Jon, let’s bring you into the conversation. As an outsider who clearly spent a lot of time in the Maldives, did you see the writing on the wall, as far as what happened to Nasheed’s presidency?
Jon Shenk: Anybody visiting the capital or talking to people in government could see from the get-go that the shadow of 30 years of dictatorship loomed heavily over the country. You’re talking about 30 years of autocratic rule, where contracts were given to favored relatives and friends, monopolies were allowed and all that. We would go to cafés in the capital and sit with our Maldivian counterparts to talk about the logistics of filmmaking, and their answers would be given to us in whispers. We’d ask, “Why are you whispering?” and they would say, “Well, you never know who’s in the room.
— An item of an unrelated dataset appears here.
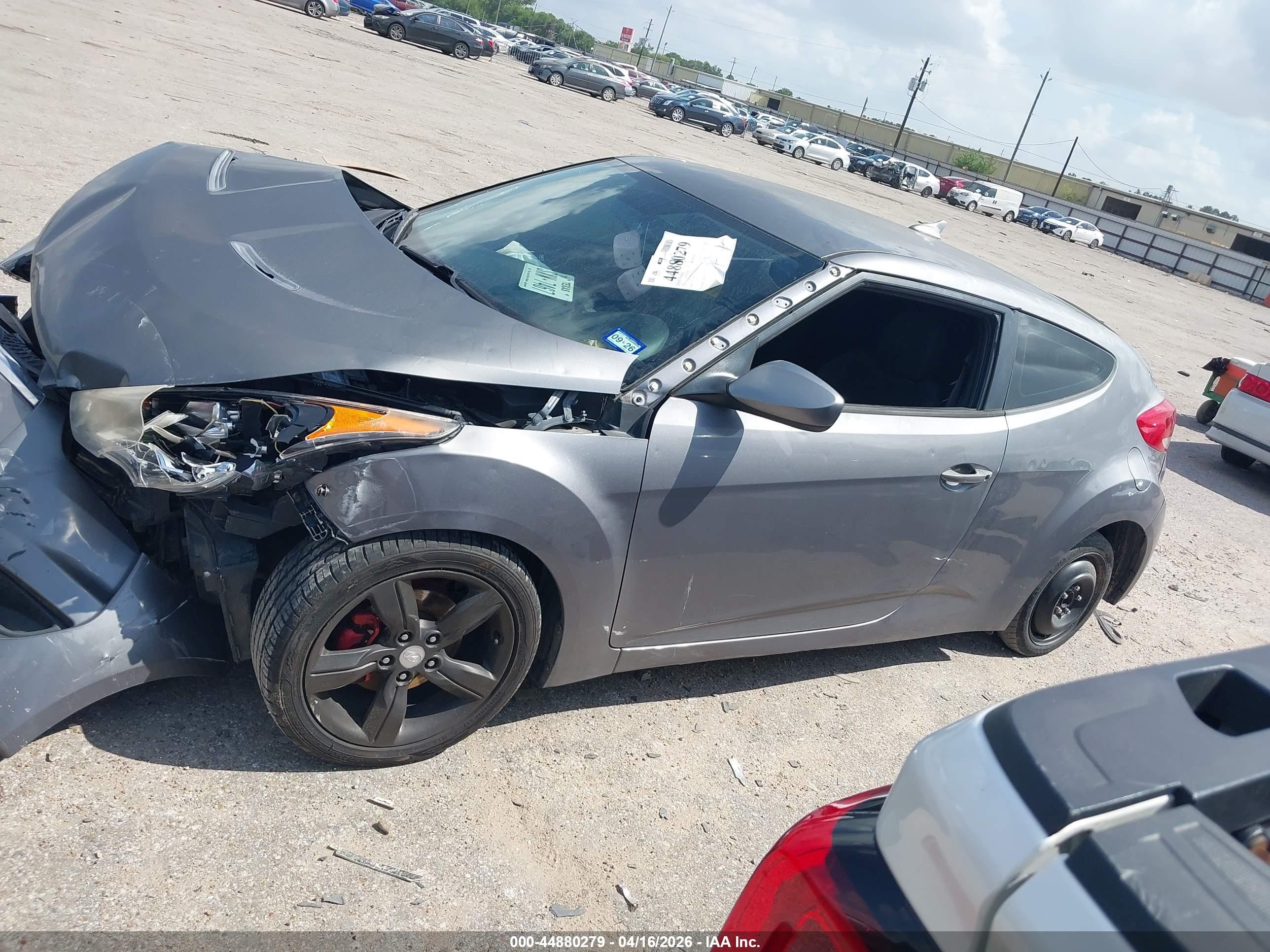 2013 Hyundai Veloster Base W/black Gray vin: KMHTC6ADXDU152547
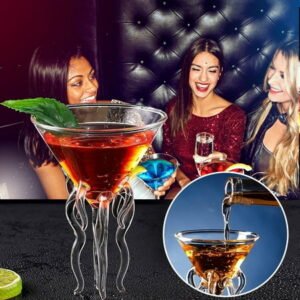 Dengmore Cup -Octopus Cocktail Glass Transparent Jellyfish Whiskey Glass Juice Wine Champagne for Home Office Kitchen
Gayoom’s people could be in the room.” That’s the kind of fear they had. I’d say, “But they’re not in power anymore,” and the answer was, “Oh, but they are. They’re still in the police, they run the opposition parties, they’re trying to undermine us at every stage. And if they do get the presidency back, we’ll be put in prison.”
So that kind of fear really did exist. When the coup happened, it was shocking, and I was worried about Nasheed and others who I’d been working with. But it wasn’t surprising. They really were trying to do an impossible thing in the Maldives, by creating this vision of a modern, liberal, democratic state on the shoulders of years and years of despotism. And by the way, think about what’s going on in Egypt and Tunisia and Libya today. That’s what they’re trying to do, and in some ways what we’re seeing here — two steps forward, one step back — could be a harbinger of what is to come in those countries.
Mr. President, you’ve mentioned the role that Islamic radicals now play in the government. Can you talk about the role that Islam has played historically in the Maldives?
M.N.: Whatever happens in the Middle East also happens in the Maldives, and whatever happens in the Maldives also happens in the Middle East. During the ’70s, Wahhabism and radical Islam, as soon as it started elsewhere, filtered into the Maldives. And then we saw Gayoom coming. He was educated at al-Azhar University [in Egypt], where he was a classmate of Hosni Mubarak. Gayoom came in the late ’70s, and that also fueled the Islamic rhetoric. When he discovered he could no longer control the radicals, he started arresting them and beating them up. That created an underground network of Islamic radicals, and for a long time they were the only organized group in town. The only organized dissent came from them, because [the democratic opposition] were all in jail.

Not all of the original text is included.